How come you don’t preach?”

“The Lord aint
called me to it, I guess,” Chuck said. “What about you? You got a good speaking
voice. I bet you be great reading the scripture, or leading prayer.”

“I don’t know
about that,” George said.

"Well, you just let me know if you want to give
it a shot one of these evenings.”

It was near eight o’clock by the time George got home
and when he walked into the house, his mother said, “Where you been?”

“Prayer.”

“What you been praying for that got you smiling from
ear to ear like that?”

The grin on his face dropped away. He thought he saw
Regina glance at him from her seat in front of the television.

“Nothing,” he said. “I was just thinking about
something funny, something Sister Kellogg said after the service.”

“What she
say
?”

“You won’t understand it if you wasn’t there.”
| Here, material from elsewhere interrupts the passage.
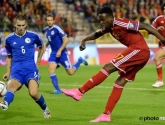 Origi pakt eerste minuten van het seizoen: "Ik ontbreek matchritme"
As he moved to go up the stairs, Regina said, “Your
dinner’s on top of the stove. Aint you hungry?”

“No. I’ll take it for lunch tomorrow,” and he went on
upstairs.

Later, when Regina came up, he said, “It was something
about the pews.”

She paused in putting cream on her elbows and looked
at him funny. “What you talking about?”

“What Grace Kellogg
said.
It
was something about how hard the pews is. She said they make them like that so
when the preacher tell us we all going to hell, we can feel like our backsides
is already there.”

Regina laughed. “That Grace is a mess.”

“Yeah, she is,” said George.

When they climbed into bed, George put his hand on the
back of Regina's head and kissed her mouth. Regina put her arms around his
shoulders and held him to her. She kissed him again, pulling him down on top of
her. George reached down under the covers, and grabbed the hem of her nightgown,
and pulled it up over her head. He kissed her throat and shoulders and breasts,
and, at first, Regina liked it, but after a while, when he had gone no further,
hadn't even taken off his drawers, she reached down and took hold of his penis,
which was only half-erect, and stroked it with her palm and fingers, until,
finally, he removed her hand and pushed himself inside her. Regina closed her
eyes and tried to enjoy the physical pleasure, and to ignore the disappointment
that was flooding through her, the same as it always did whenever her husband
made love to her, the emotional disappointment that had been constant, almost
since the beginning of their relationship.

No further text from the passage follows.